As for WickedFire being low quality and having tons of noise, yeah, its pretty bad. Are there lots of people on there making no money? Most likely, but at least they "get" it, unlike Sitepoint where everyone is obsessed with w3c compliance and table-less design. As for people getting banned left and right, all I know of is this chrislingle guy who was re-instated hours later. I've seen plenty of attacks on Jon where nothing happened.

The bigger your forum is, the more trolls and low quality posts its going to attract. SEOBlackhat is about as dead as barn at midnight, but 99% of the posts are top quality. Websitepublisher is really the only forum where the posts are high quality, but things are still active. I think there is a very good reason why Chris has kept it as he has.

If you are sitting around waiting for someone to drop a magical secret where you will suddenly be making thousands of dollars a day, your in the wrong place. The fact is once you've got the basics down, and failed, succeeded, and failed a few more times, you'll start to figure out what works and what doesn't. When you reach that point, you'll be be able to read between the lines rather than reading the same lines over and over again.
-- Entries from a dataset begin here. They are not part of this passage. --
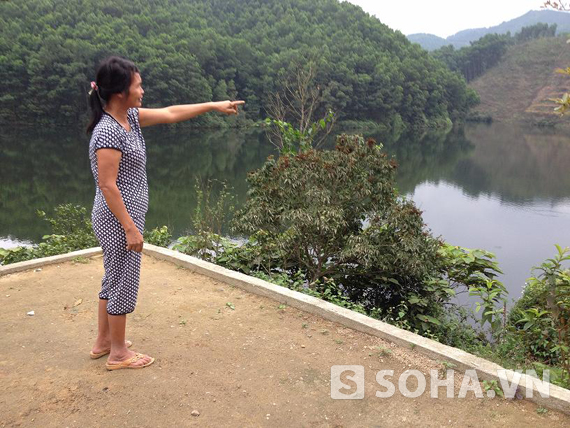 
	Bà Lãnh Thị Phong, nhà ở sát bên chân đập Khe Sai: “Cứ mỗi buổi sáng trại lợn xả phân ra, nước đập bị chuyển sang màu đen”.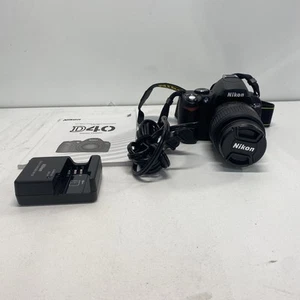 Nikon D40 6.1MP Digital SLR Camera w/ 18-55mm Lens - Picture 1 of 5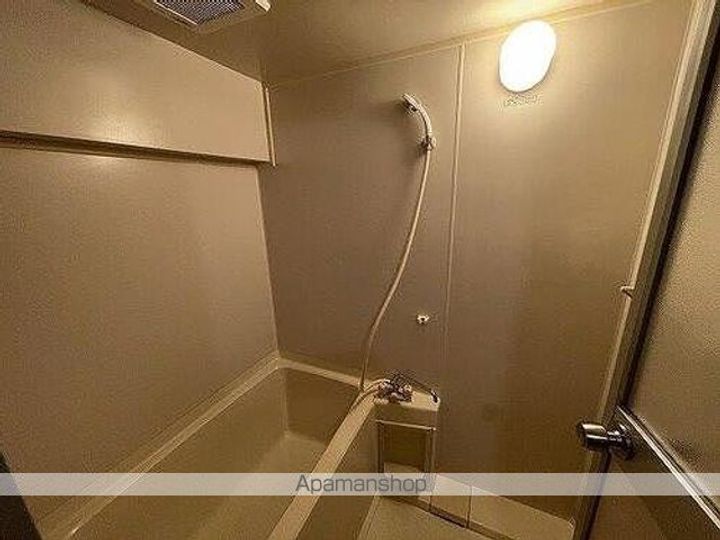 アイランド・コート新宇多津304の内装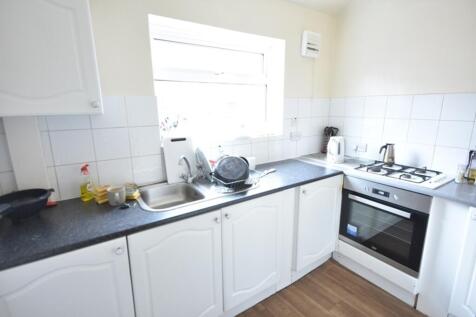 190 Sandyford Rd room 33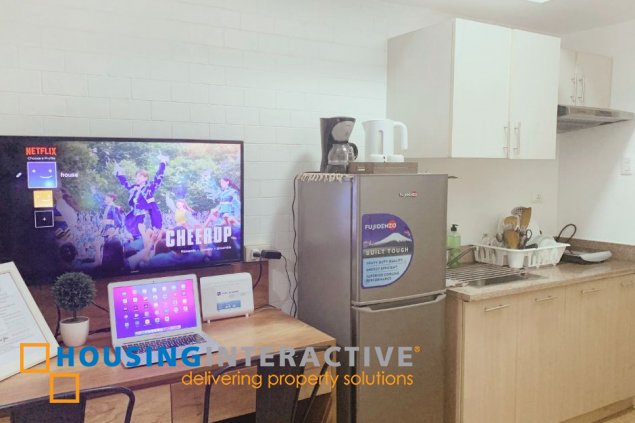 1-bedroom with balcony at laureano di trevi towers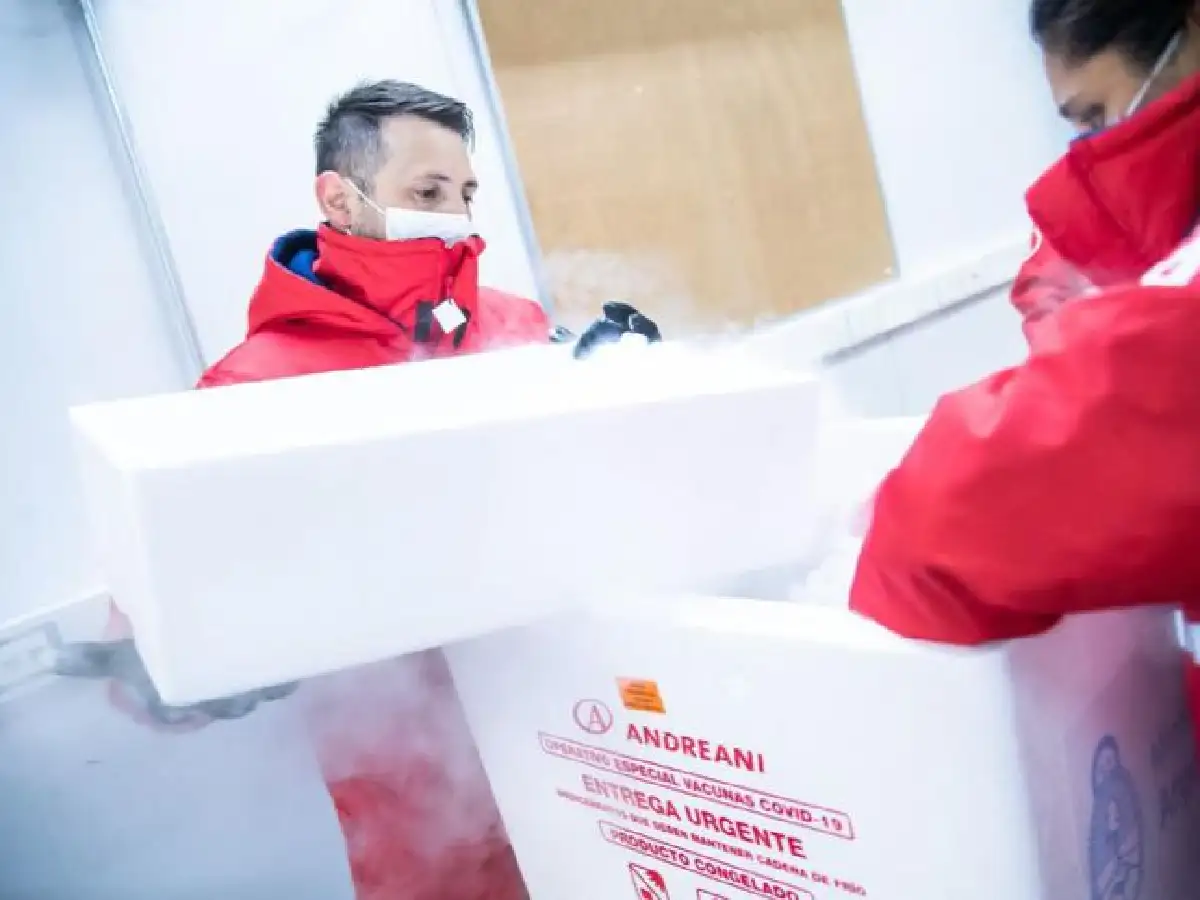 Llegan tres nuevos cargamentos con 414 mil vacunas CanSino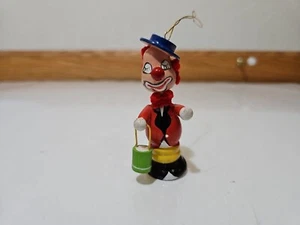 Vintage Holz Clown Ornament handbemalt halten Eimer 2,75" rotes Haar krummer Hut - Bild 1 von 7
Thats the sweet spot where everything starts to come together.

I subscribe to this magazine called "Millionaire Blueprints" and the editor, who is pretty old, writes about how he spent much of his life going to all these money making seminars and his dreams just never materialized. There is no god of internet publishing or marketing. Hell, rock stars and pop stars are all pretty normal people, and they all sucked at what they did when they started. But, at the end of the day, it was them and them alone who made things happen.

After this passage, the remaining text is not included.